The collapse of two regional banks and worries about the potential for widespread economic damage have tanked market expectations for the Federal Reserve to hike benchmark interest rates further and raised the possibility of a near-term pause and earlier cuts.
The odds that the Fed would not raise rates at its next meeting, to be held March 21 and 22, jumped to 33% on March 13, up from 0% on March 10, according to the CME FedWatch Tool, which measures investor sentiment in the fed funds futures market. Investors also placed no chance on a 50-basis-point increase and bet that rates will fall by the end of this year.
The moves are a sharp reversal from just a week ago, when Chairman Jerome Powell indicated that Fed officials may accelerate its rate hike plans if inflation and jobs data continue to show a persistently hot economy. The failure of Silicon Valley Bank and the closure of Signature Bank have stoked concerns of a widespread banking crisis.
"This definitely takes a 50-basis-point hike off the table," said Oren Klachkin, lead U.S. economist with Oxford Economics. "SVB's collapse is a sign that the Fed's rate hikes are starting to break parts of the economy."
'The Fed is done'
Government bond yields, which move opposite prices, plummeted March 13 on speculation that the Fed would keep interest rates unchanged at its upcoming meeting. The Fed has raised rates at each of its last eight meetings.
The U.S. Treasury two-year yield, which tends to reflect the market's near-term rate expectations, fell to nearly 4% on March 13, a decline of nearly 60 basis points in a single trading day.
Longer term, most of the futures market on March 13 expected rates at the end of the year will drop by at least 25 basis points from the current range of 4.50%-4.75%, reversing earlier expectations that rates would rise by as much as 100 basis points by December, according to the FedWatch Tool.
The fall of SVB and other lenders could be enough to entirely upend the Fed's plan to chill inflation through higher rates, said Andrew Brenner, head of international fixed income at National Alliance Securities.
"There will be no rate hikes next week and the Fed is done … and I mean done," Brenner said.
Combating inflation
The Fed was likely to not raise rates for at least one meeting in order to prevent any potential fallout from the banking sector, Jan Hatzius, chief economist with Goldman Sachs, wrote in a March 13 note.

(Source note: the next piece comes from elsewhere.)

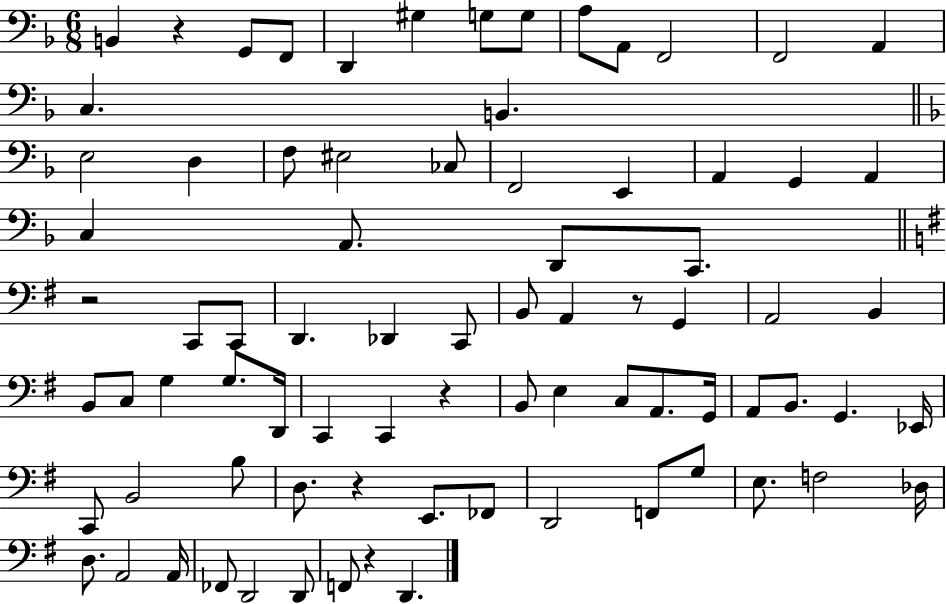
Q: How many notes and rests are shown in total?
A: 80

"While we agree that more tightening will likely be needed to address the inflation problem if financial stability concerns abate, we think Fed officials are likely to prioritize financial stability for now, viewing it as the immediate problem and high inflation as a medium-term problem," Hatzius wrote.
While the Fed is focused on combating inflation, it will likely put that mission on pause, at least temporarily, in order to avoid a deeper economic disaster, said Sonu Varghese, a global macro strategist with Carson Group.

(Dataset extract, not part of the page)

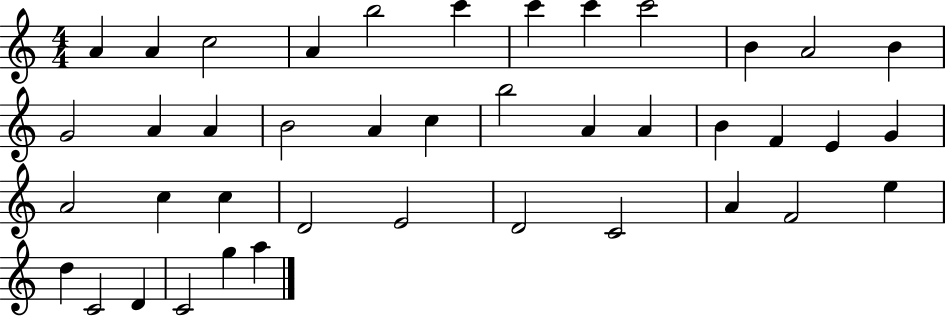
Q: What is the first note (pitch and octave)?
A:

"I think their priority is to prevent a financial crisis," Varghese said. "And since the meeting is less than 10 days away, I think they hold off on raising rates."
Still, Fed Chairman Jerome Powell and other Fed officials have repeatedly called the fight against inflation their top priority. On March 14, the Commerce Department's consumer price index for February, the latest inflation data, will be released. Economists expect the report to show an annual increase of 6%, according to Econoday. If inflation proves to be hotter than expected, however, the Fed could ultimately go forward with a 50-bps hike after all.
"If we see sustained inflation in [the February] CPI number, it could force the Fed to forge ahead with hikes," said Callie Cox, a U.S. investment analyst at eToro.